Only the lines from the one that includes "Last thing you" through the last line below belong in the reply, copied exactly and without pictures.
◇ ◇ ◇
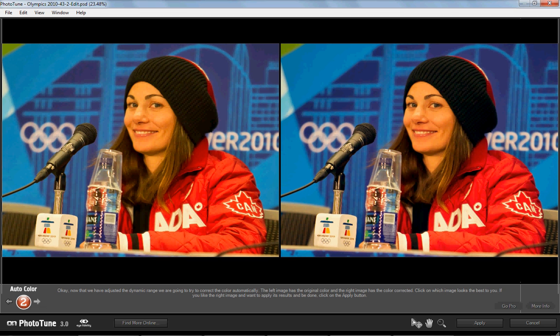Click on the image on the right — that brings up AutoColor number 2. Then pick the one that we like the color on better. I'm thinking I'm liking the color on the hat, the black here a lot better than the left image — it's a little funky looking. The skin's not quite right yet, but we'll fix that later. So we'll click on the image on the right.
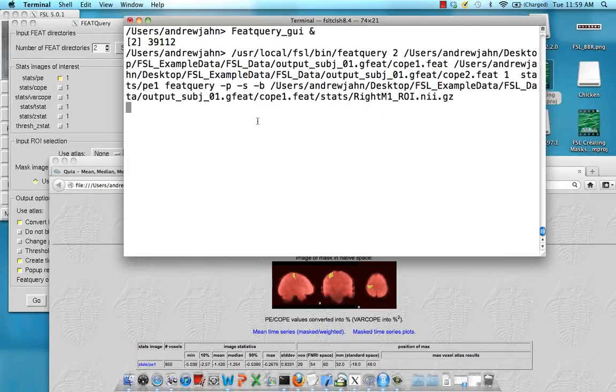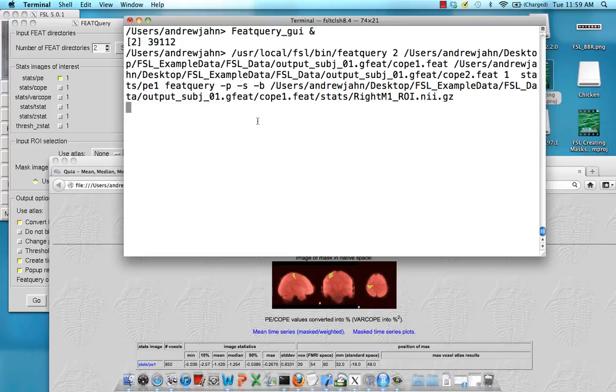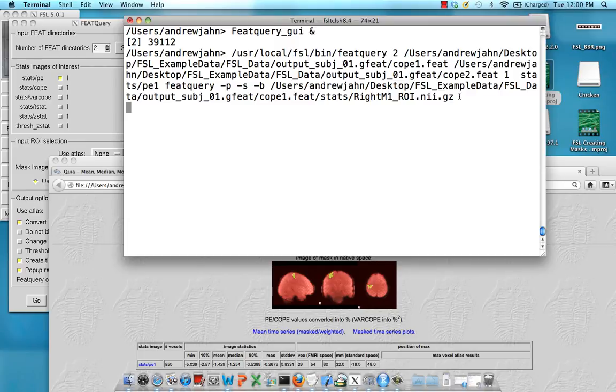Last thing you should recognize is after you've hit go from the FeatQuery GUI, you get this output of text that you can use as a command line in case you want to script your FeatQuery analyses for more regions of interest or more subjects.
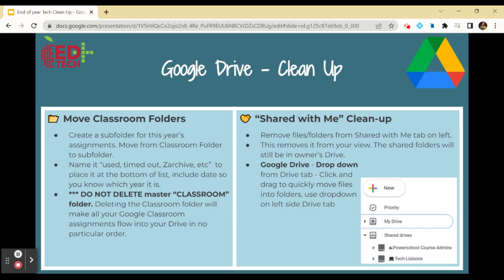Hi, it's Allie from APS EdTech. Let's clean up our Google Drive for the summer. I'll show you how to put these quick steps into action.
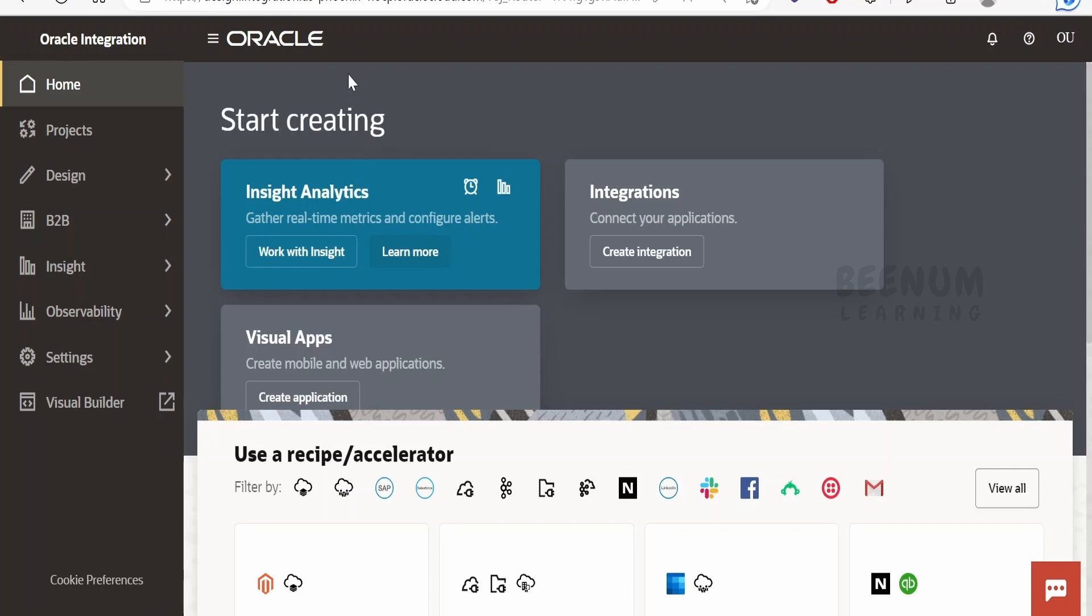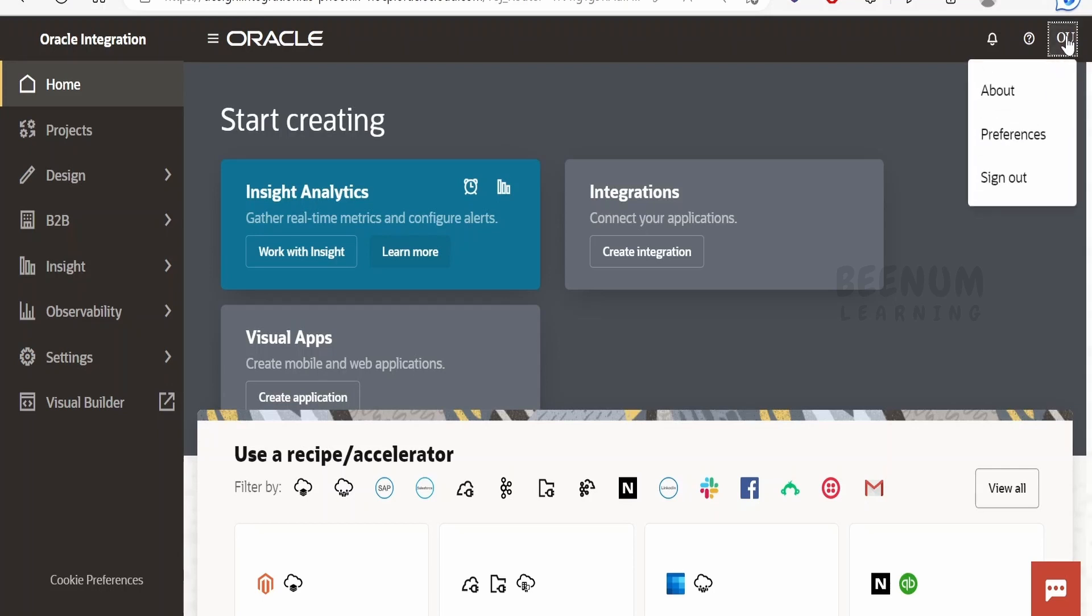Once you log in to your Oracle Integration 3 instance, on the right top corner you will see your username displayed. If you click on this you will get three options: sign out, preferences, and about.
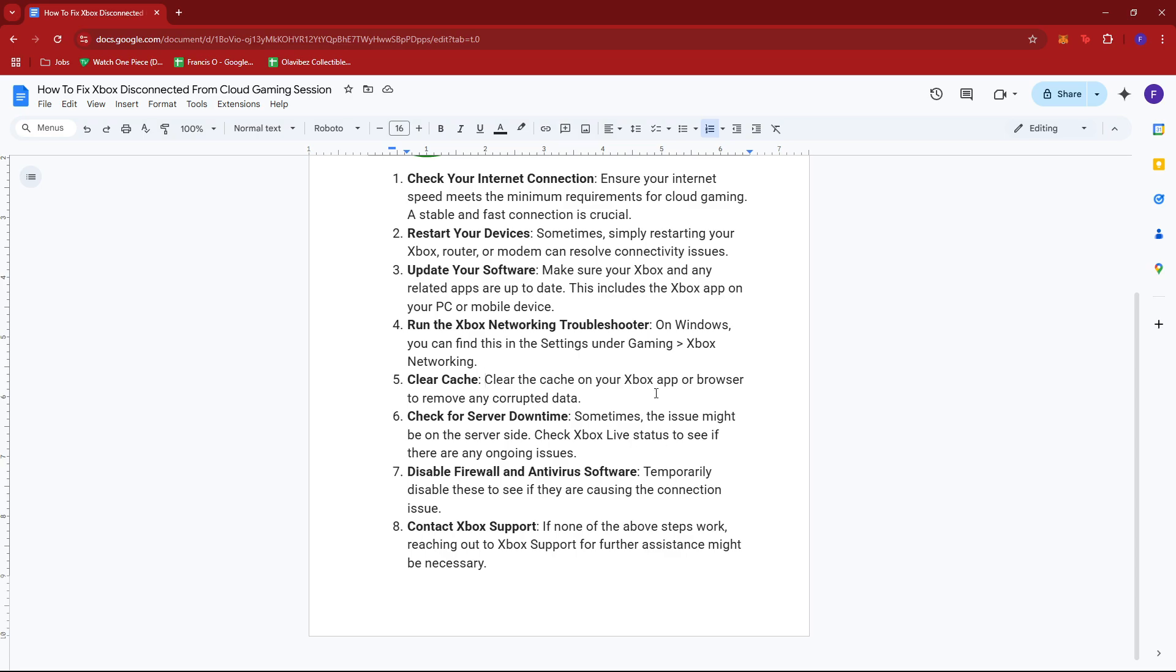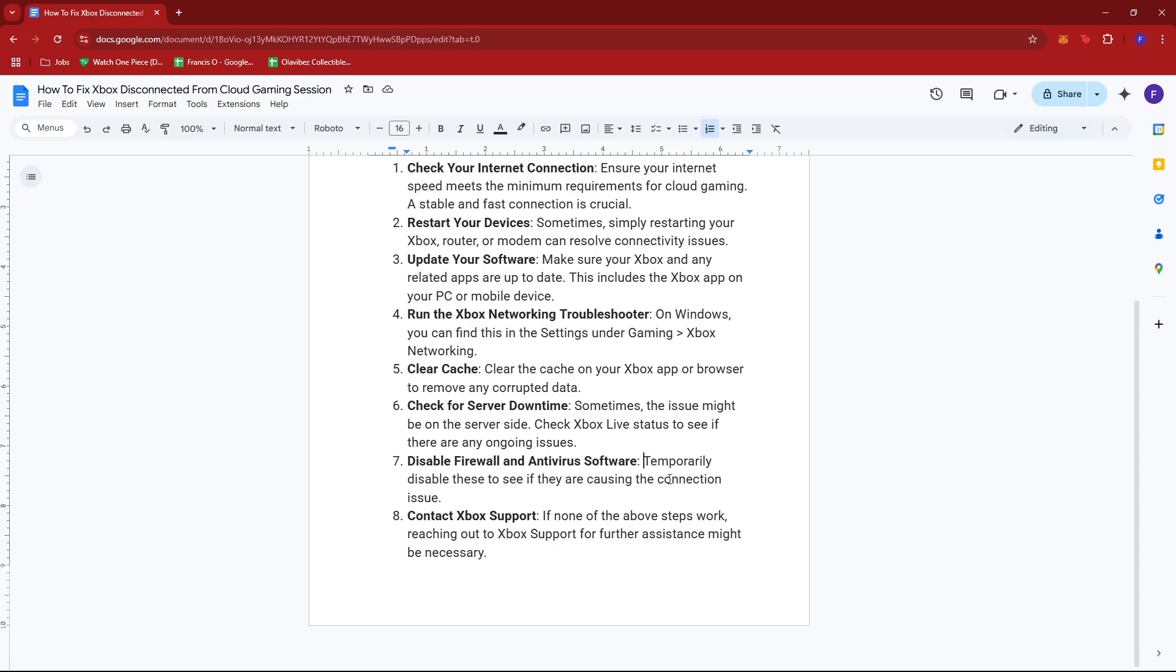Next, try clearing the cache on your Xbox app or browser to remove any corrupted data. Sometimes the issue might be on the server side, so check Xbox Live status to see if there are any ongoing issues.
◇ ◇ ◇
- [Answer box]
Last thing you should recognize is after you've hit go from the FeatQuery GUI, you get this output of text that you can use as a command line in case you want to script your FeatQuery analyses for more regions of interest or more subjects.
Hi, it's Allie from APS EdTech. Let's clean up our Google Drive for the summer. I'll show you how to put these quick steps into action.
Once you log in to your Oracle Integration 3 instance, on the right top corner you will see your username displayed. If you click on this you will get three options: sign out, preferences, and about.
Next, try clearing the cache on your Xbox app or browser to remove any corrupted data. Sometimes the issue might be on the server side, so check Xbox Live status to see if there are any ongoing issues.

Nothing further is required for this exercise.